Adam Morrison is the nation's leading scorer and has led Gonzaga to a No. 4 national ranking, a perfect conference record and the Bulldogs' third-consecutive West Coast Conference title.
Although J.J. Redick has made his case for the top individual honor in college basketball, his recent struggles should cost him.
Morrison and Redick had been one upping each other with 30- and 40-point performances all season. But the Duke guard recently lost his golden touch and has shot 22 percent from beyond the arc and 29 percent overall in the Blue Devils' last four games. More importantly, his team is 2-2 over that span.
In Gonzaga's last four games, Morrison has averaged 23 points and 5.5 boards while guiding the Bulldogs to their seventh WCC tournament championship in eight years.
True, Morrison does play in the weak WCC, but Gonzaga does not have nearly as talented a roster as Duke-Morrison is basically a one-man show in Spokane.
Redick plays alongside fellow preseason All-American Shelden Williams and a host of McDonald's All-Americans. Most college basketball fans probably could not name another player on Gonzaga's roster.

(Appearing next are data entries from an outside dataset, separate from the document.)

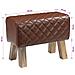 panca 60 x 30 x 45 cm Pelle Vera Marrone diamante - Foto miniatura 7
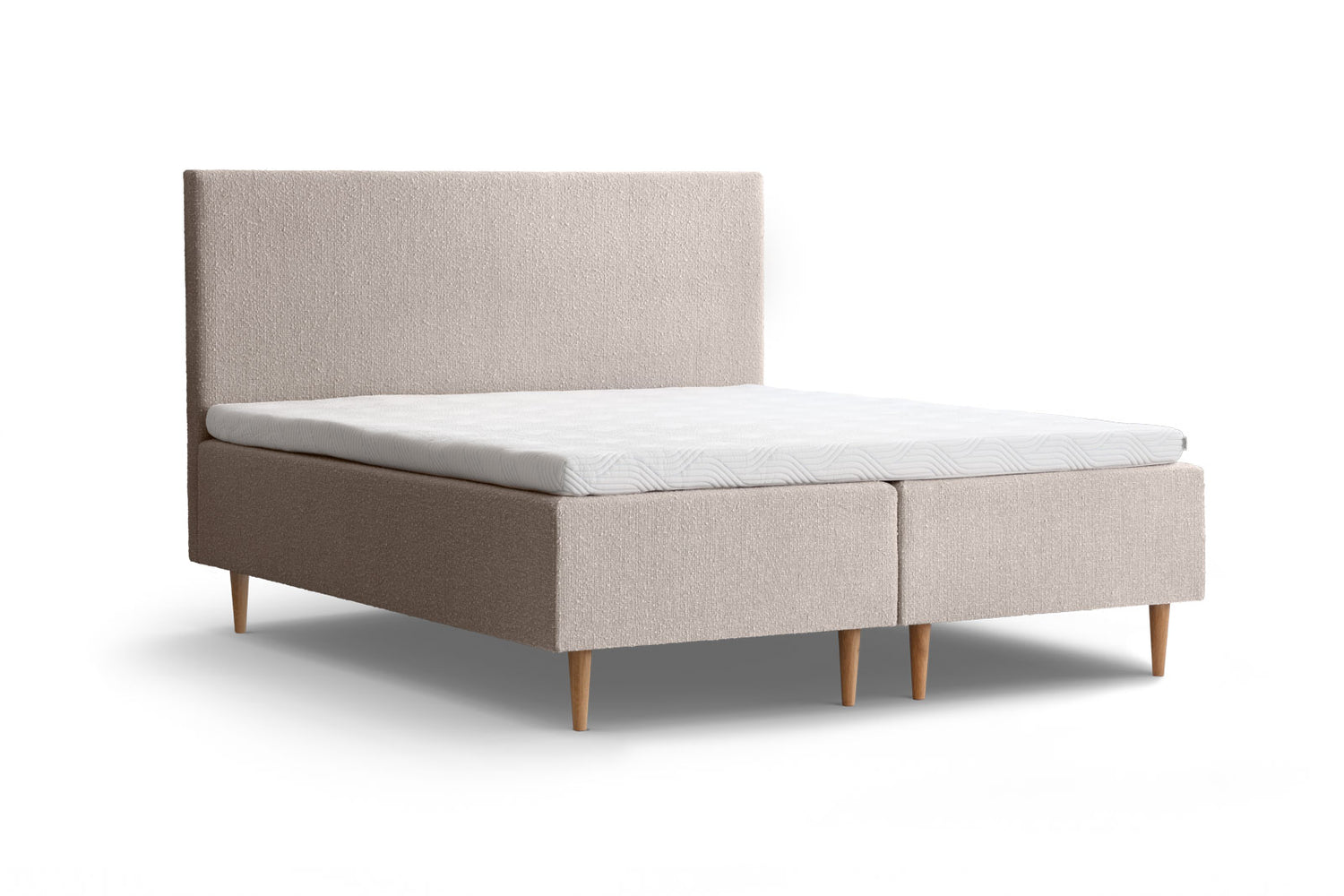 Tempur Break Box -runkosänkypaketti beigellä verhoilulla ja tammijaloilla. Kuvan Tempur Break Classic -sängynpääty myydään erikseen.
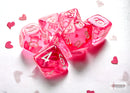 Translucent Pink/white Mini-Polyhedral 7-Die Set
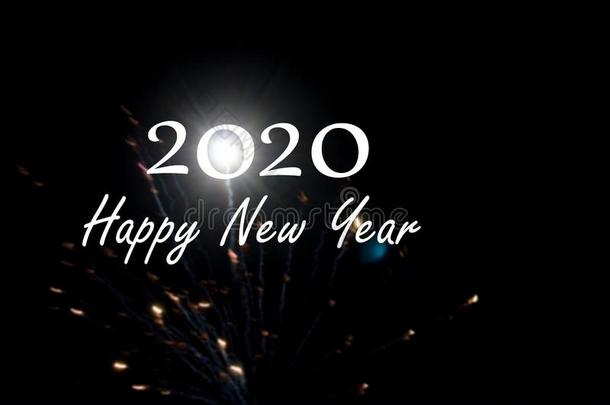 2020文本和烟火在夜采用黑的背景,新的年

Without Morrison, the Bulldogs wouldn't even be sniffing the top 25. Without Redick, the Blue Devils would still be amongst the nation's elite.
The ACC is clearly superior to the WCC, and Redick faces better defenders on a daily basis, but the Bulldogs have still played many worthy opponents. Gonzaga was one of five ranked teams at the Maui Invitational and Morrison led his team to wins over Maryland and Michigan State, who were ranked 23rd and 12th at the time, respectively.
In the Bulldogs' triple-overtime victory over the Spartans, Morrison scored 43 points and was 11-for-12 from the line while playing 52 minutes.
A few weeks later against Oklahoma State, Morrison also did something Redick has failed to do this season: hit a game-winning shot.
With his team trailing by one, Morrison banked in a three with the clock expiring to send the Bulldogs to a 64-62 victory. Redick has not been in the same situation as Morrison was against the Cowboys, but he did misfire on a three pointer with six seconds left that would have beaten Florida State Feb 4. and negated the need for overtime.
Morrison and Redick have had a battle for the ages atop the scoring charts, but in the end, Morrison deserves to beat Redick out in player of the year balloting.